If the tax rate rate were to stay the unchanged at 35 cents per $100 in value, that would translate directly into at least a 31.1% aggregate increase in tax bills. The good news is that while we know certain staff like to entertain the idea of "value capture" as a way to increase tax collections by not lowering the tax rate to what's called revenue neutral, an average tax bill increase of this size from Davidson is unlikely. Instead, the Town likely will lower the rate somewhat resulting in bills that will be smaller than they would if the rate was left unchanged. The goal for taxpayers should be to push the Board to adopt what is called the "revenue neutral tax rate" or RNTR
So, what is the RNTR and how is it calculated? The answer to that is much more complicated than you might think. To get into the gory details check put this post from the UNC School of Government, but here is the gist of it.
"When the tax base changes, a local government would experience a change in revenue if its tax rate were to remain unchanged for the new fiscal year. The RNTR is intended to show the tax rate that would keep the local government’s revenue neutral given its new tax base. Well, not exactly neutral: the statutory calculation increases the current year’s revenue by the average annual growth rate experienced by the local government’s tax base since the last reappraisal."
So what would the RNTR be for Davidson?
aShortChronicle asked that question of the Town in early February but was told it wasn't available yet. Per former Public information Officer, Christina Shaul, "the Davidson Board of Commissioners have their budget/finance retreat from March 14-15, so I’d recommend getting in touch with Jamie Justice the week of March 18 to get the latest information on their thinking related to the revenue neutral and other tax rates."
aShortChronicle fully intends to follow-up on that question, but in advance of that, a quick analysis was done looking at the calculation spreadsheet supplied by the NC Treasurers office for municipalities to use. You can see the spreadsheet here. The spreadsheet requires one piece data, average growth rate, that will need to be calculated by the Town, but assuming that rate falls between 2-5 percent, Davidson's revenue neutral rate would be somewhere between 27.25 cents and 28 cents. Incidentally, Davidson's population has been growing at about 2% per year in recent years, so hopefully the rate is on the lower end of this range.
Unfortunately though, things aren't that simple when it comes to actual individual tax bills, and some people, maybe a lot of people, will still see significant tax bill increases even if the Town has the financial discipline to implement a revenue neutral rate.
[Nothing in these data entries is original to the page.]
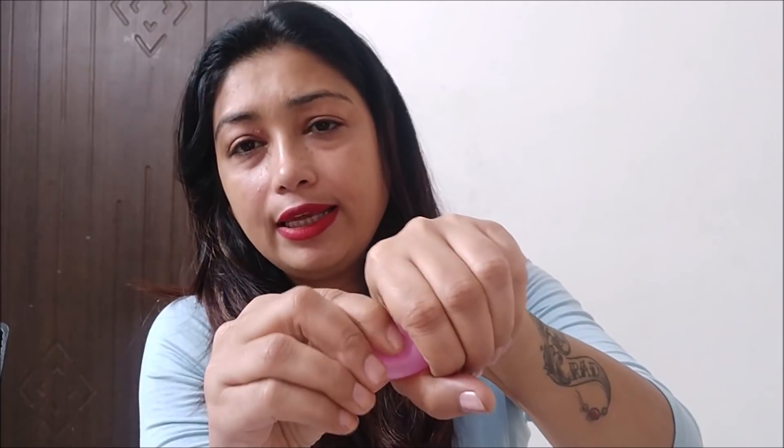Now I will tell you how to use it. As I mentioned, it is made of very soft material. You have to fold it and insert it. First of all, sit in a squat position — you can sit on the ground or on an Indian toilet seat. Then fold the cup once and slowly insert it. When it opens inside your body, it will unfold and seal itself. After that, you need to adjust it to make sure it is properly positioned.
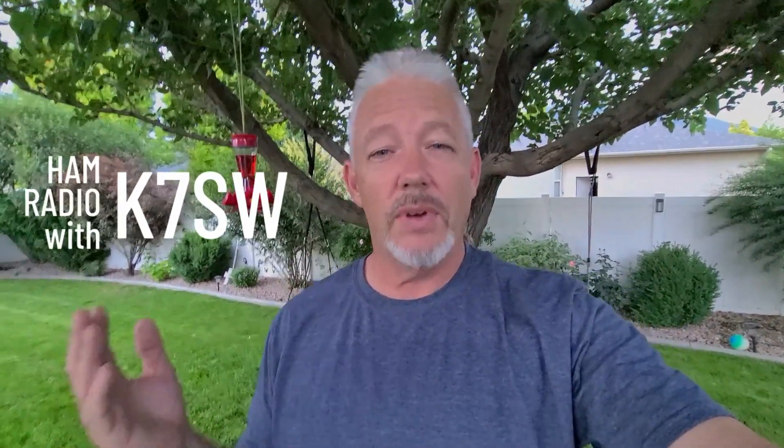Welcome back to the channel. My name is Kevin, K7SW. And in this video, I'm going to be fixing a Yaesu problem.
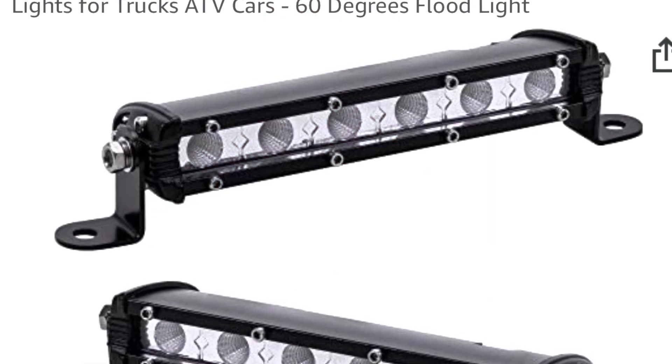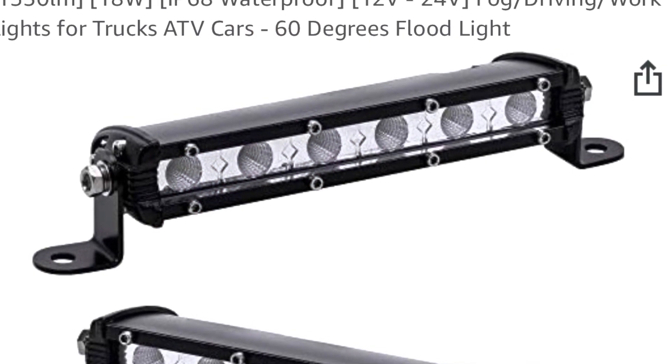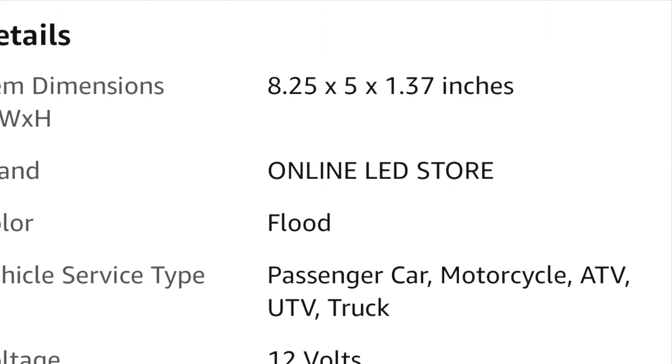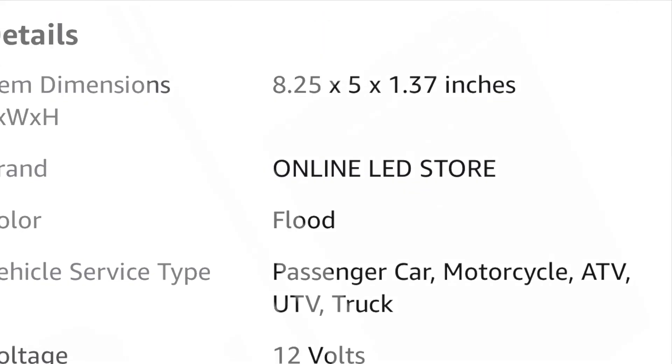Please practice safety and modify at your own risk. These are some of the items we will be using in the video to upgrade our light system on our Blade GT electric scooter. These items can be found on Amazon.com in all countries.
That's because not all properties change at the same rate, not even close.
Take a look at the below heat map from the Mecklenburg tax assessor's presentation showing how much properties increased across town.
What you will notice is that property west of Kimberly off of Davidson-Concord Rd increased at higher rates than property east of Kimberly. In fact properties in Old Davidson and most areas West of Main Street saw significantly higher valuation increases. Because of these significantly higher increases compared to the aggregate increase across town, these properties will have significantly higher tax bills even under a revenue neutral tax rate. Effectively, this shifts some of the overall tax burden from East Davidson to Central and West Davidson - regardless of where the tax rate is set.
In coming months as the Board discusses what to do when setting rates for the next budget cycle, keep an eye on this. Since almost all of Davidson's naturally occurring affordable housing exists on the West Side of Town, the Town will likely try to see how it can mitigate the impact of tax changes and tax payers need to ensure it is done fairly.
NOTE: The above only covers the Davidson portion of the overall tax bill. The bigger portion is from Mecklenburg County whose Board will almost certainly be nowhere near revenue neutral - ensuring the pain from the tax man this year is fealt by pretty much everyone.